I find comment 2. interesting for a couple reasons.

a) What it says about lowest unique bid auctions [1] and reverse auctions [2] with multiple bidders and multiple auctioneers. That the auctioneers will often (?) take the lowest bid, even if it represents "unrealistic" based on the criteria of the auction (this seems especially relevant in contract procurement).

Especially though, that even in a market, with relatively "transparent" information (concrete costs this much, lumber costs this much, ect...) there's still not much consumer transparency on what "reasonable" prices for construction represent. And consumers or "auctioneers" are likely to just take the lowest number, like a lowest unique bid auction. Whether its lack of information, strong preference for lowest price, can't be bothered to check reasonableness, purposeful cost obfuscation, or some other issue.

b) That people often fall for sunk cost issues. Especially on big purchases. Gov't might drop $100k contract without much notice. Except a $10B contract? Just keep throwing good money after bad. Consumer might switch soap brands on a tiny price fluctuation. Except a $1M house? Just keep throwing good money after bad.

Australia's had a rash of collapses lately, and it's felt this way.[3] 2000 companies in two years, and reading along, lots of companies that basically said "Give us another $200k as a payment right now." ("Even though we know we won't be able to finish your house, because our financials are horrible.") Except buyers felt like they had to, because they already committed to an expensive project.

[1] https://en.wikipedia.org/wiki/Unique_bid_auction [2] https://en.wikipedia.org/wiki/Reverse_auction [3] https://www.9news.com.au/national/building-construction-comp...

> That people often fall for sunk cost issues.

In this case, it's not necessarily sunk cost. There are switching costs associated with bringing in a new contractor, so it is likely cheapest to continue with the current one, even if they didn't bid it right initially.

Switching costs are massive in construction. The permits and loans involved are often tied directly to the contractor and sometimes their subs for licensed trades. Many contractors wouldn’t want to come in and take over at a late stage because they can’t really vouch for what’s been done so it will be seen as risk.
Ah so little to no incentive to actually get estimates correct out of the gate.
It’s not just that there’s little incentive, it’s that just as in software getting the estimation right is an almost impossible job.

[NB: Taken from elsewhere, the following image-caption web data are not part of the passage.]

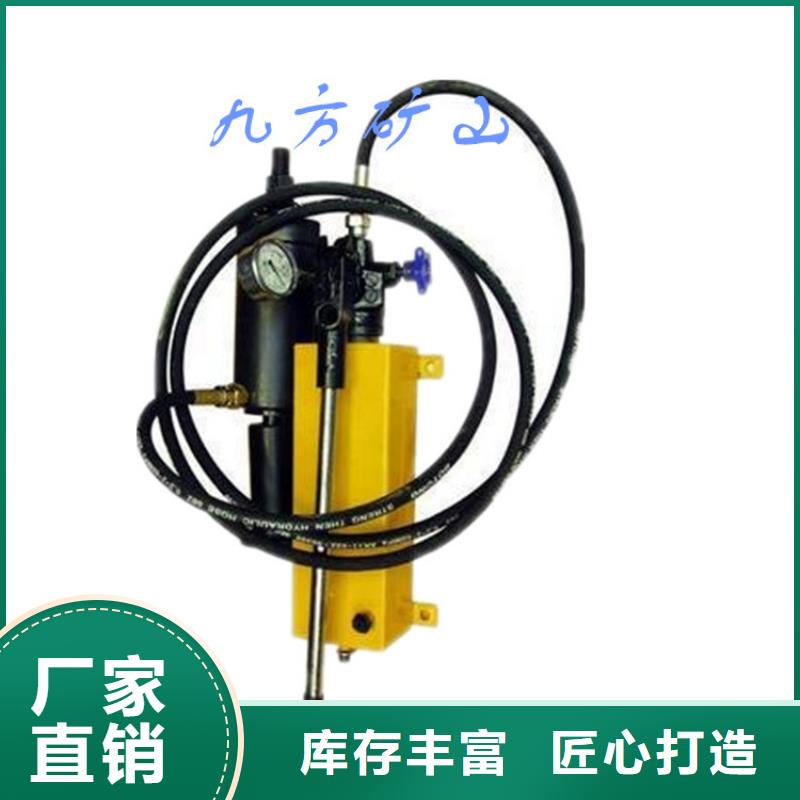 LSZ-300锚杆拉力计欢迎订购品质值得信赖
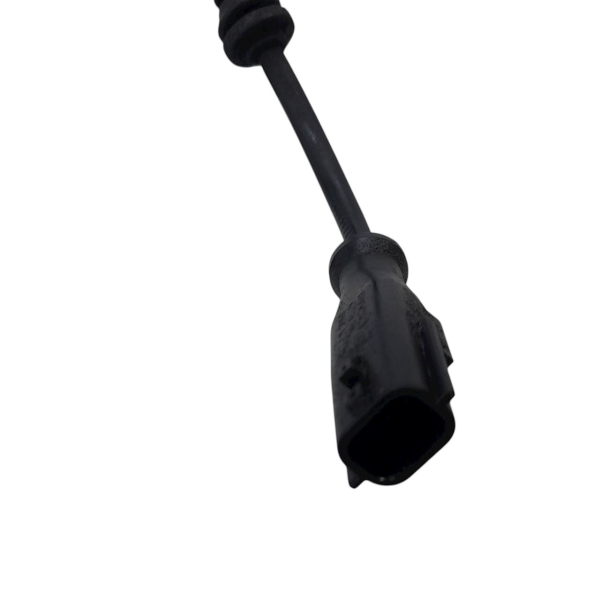 SENSOR ABS TRASEIRO DIREITO  RENAULT DUSTER 1.6 16V 2013 204544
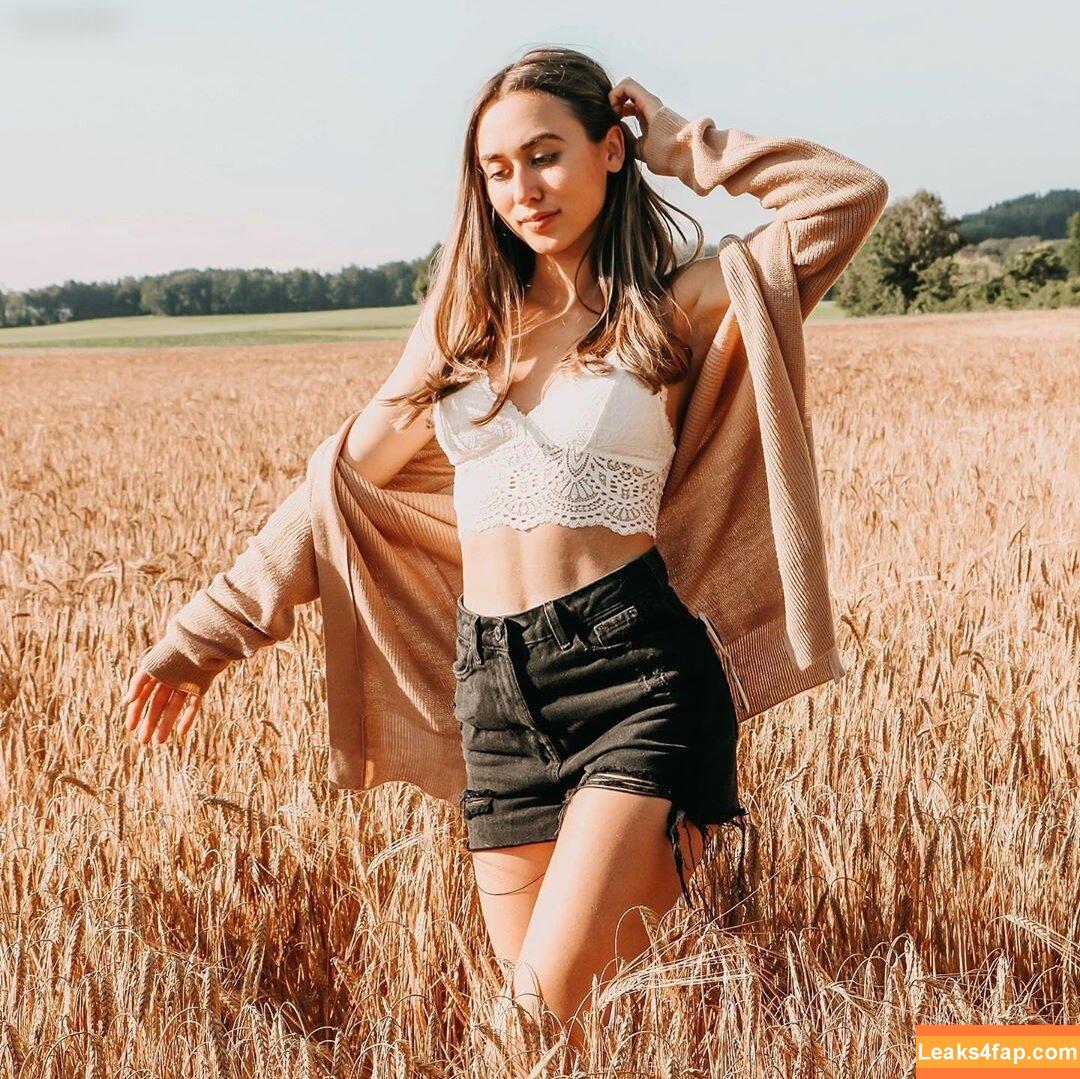 Paulina Wallner / paulinawallner leaked photo photo #0012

Hence if you go the other way and include severe penalties you’ll only get significantly padded estimates because the contractor now has to bear significantly more risk.

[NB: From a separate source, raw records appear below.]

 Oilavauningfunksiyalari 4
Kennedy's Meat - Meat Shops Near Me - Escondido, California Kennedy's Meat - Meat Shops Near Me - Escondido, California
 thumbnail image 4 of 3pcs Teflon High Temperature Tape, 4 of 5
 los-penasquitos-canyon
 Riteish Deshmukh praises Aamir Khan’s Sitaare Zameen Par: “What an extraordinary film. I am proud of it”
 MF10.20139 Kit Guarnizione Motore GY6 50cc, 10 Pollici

There's also a huge moral hazard in these negotiations due to the different traditional ways ( arising from the problem that all parties have perfect knowledge of the agreed upon price, but very imperfect knowledge of the putatively agreed upon product) that we view responsibilities of the person spending the money versus the person delivering the product. and it is doubly hazardous in that it disproportionately harms the honest, thorough vendor by artificially equating their product to the dishonest, corner-cutting vendor.

The buyer has an advantage in that they can negotiate the vendor down through competitive bidding techniques, and by doing so transfer the fault for insufficient delivery entirely on to the bidder instead sharing the fault themselves. If I work two contractors against one another to drive one into the position where they are now no longer safely comfortable they can deliver the product they promise for the agreed upon price, (however I am now safely in my own comfort zone knowing that I've got the lowest possible price extracted from them), well if they fail to deliver what is requested it's now their fault for promising they can do it, not mine for pressuring them into a risky position.

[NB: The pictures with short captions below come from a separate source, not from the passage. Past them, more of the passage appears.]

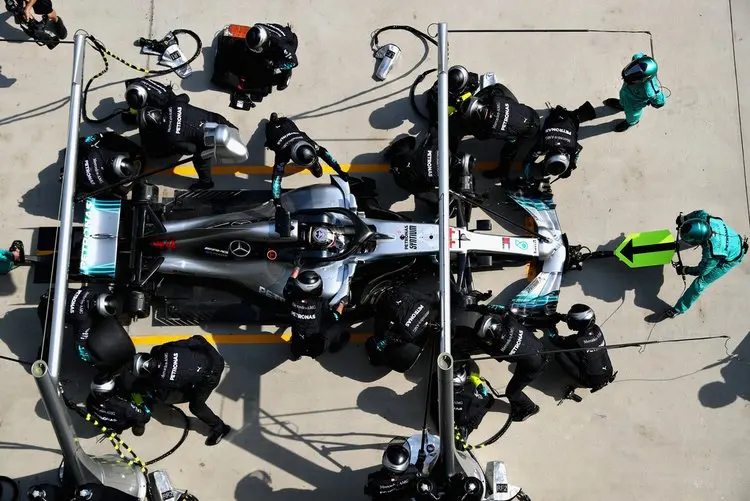2018 chinese grand prix race photos 014 1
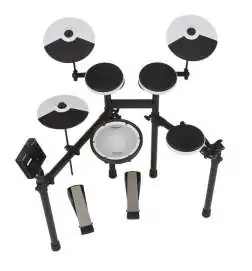 Roland TD-02KV E-Drum Set
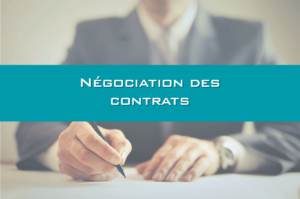 Negociation-des-contrats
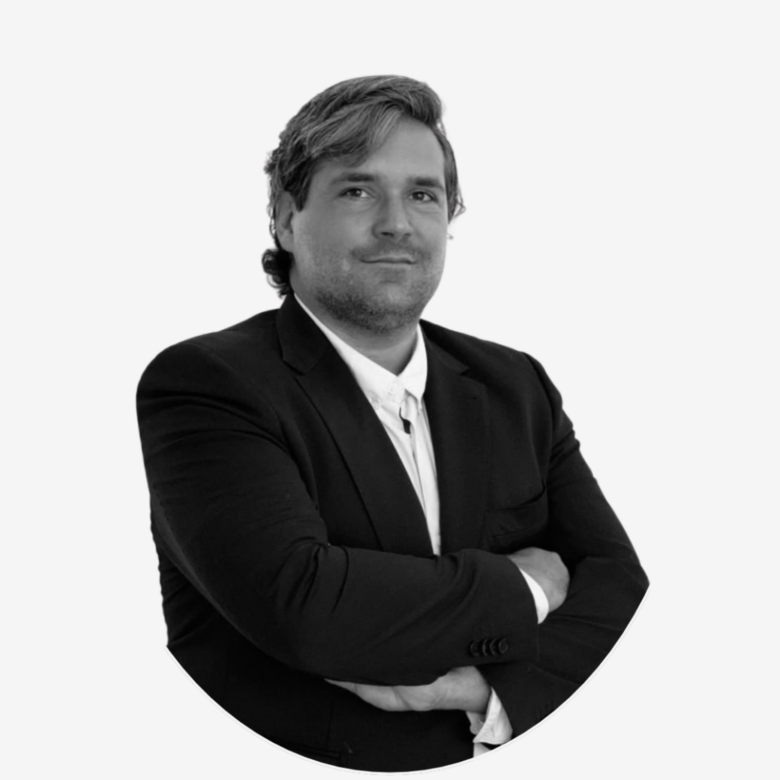 Javier García-Ferrer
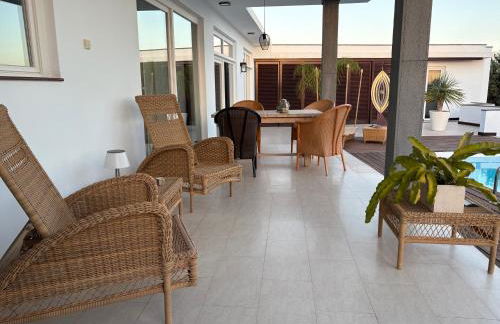 Villa Claus - Foto 24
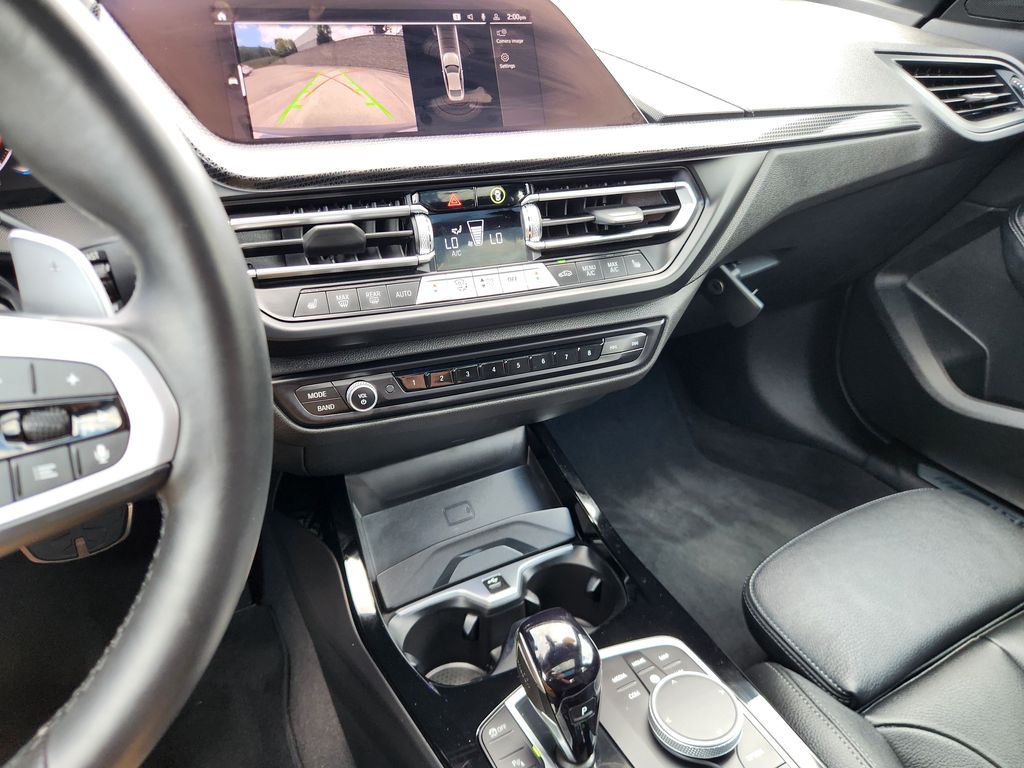 2024 BMW 2 Series M235i - Photo 30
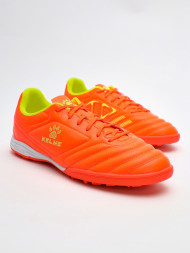 Шиповки KELME Adult Football Shoes(TF) Orange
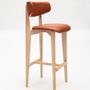 Stools - Ksenia/Sg I - LIVONI 1895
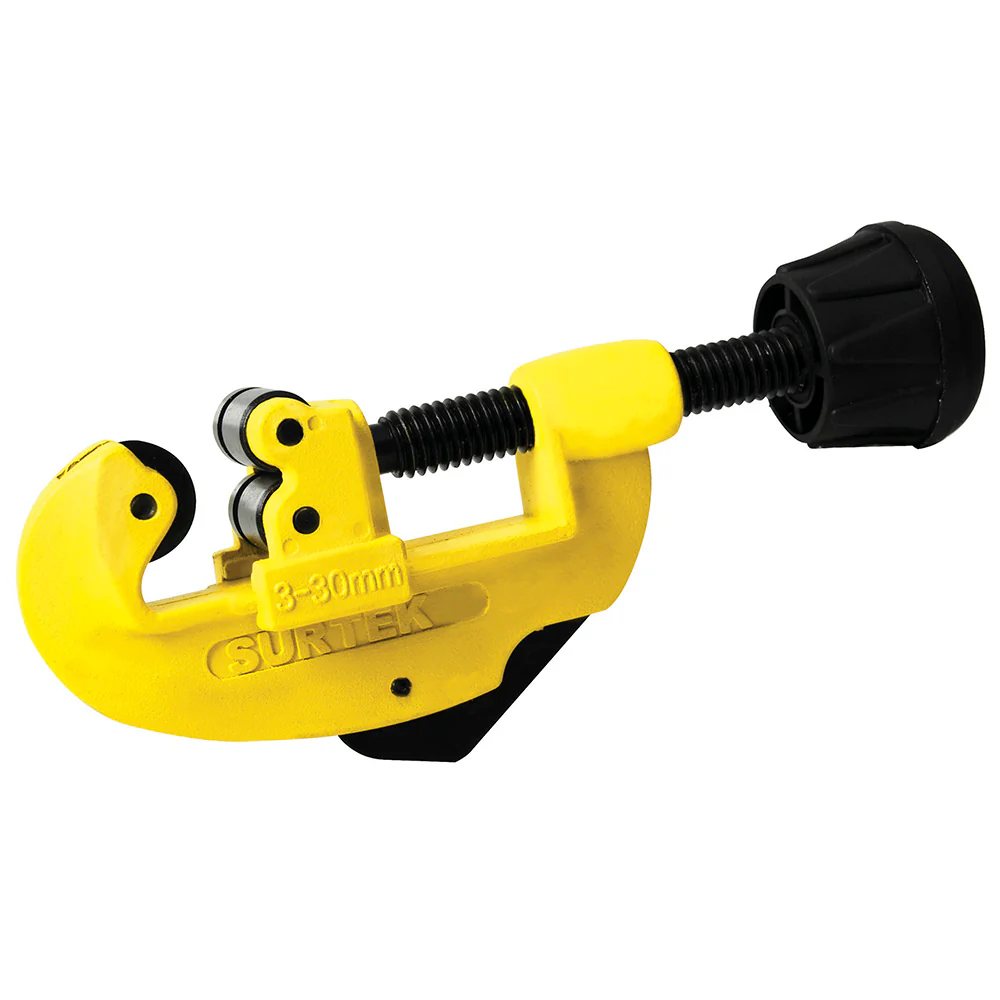 Cortatubos Profesional 1/8-1 1/8" Surtek - Image 5
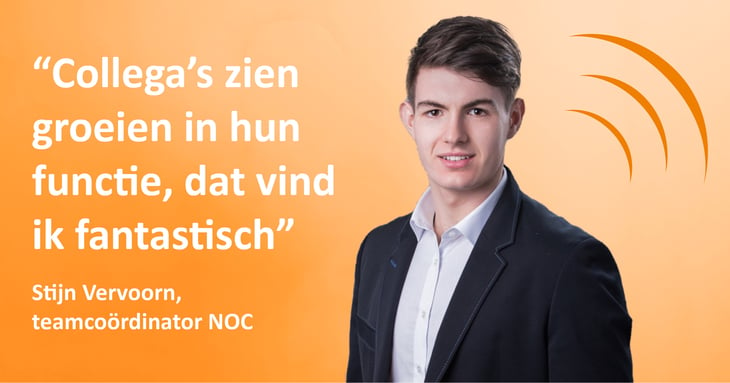 stijn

Surely that's only half the story. A competent customer has got to know low balling now just defers "unforeseen" costs later. If I've done 100 projects surely it's occurred to somebody to look at bid v. actual to gauge discrepancy?
Like all estimates it depends if you must do it for a fixed price or if its just an estimate.

If its just an estimate, you underbid everyone else, win the contract, start building, run out of money past the point of no return, then get more funding.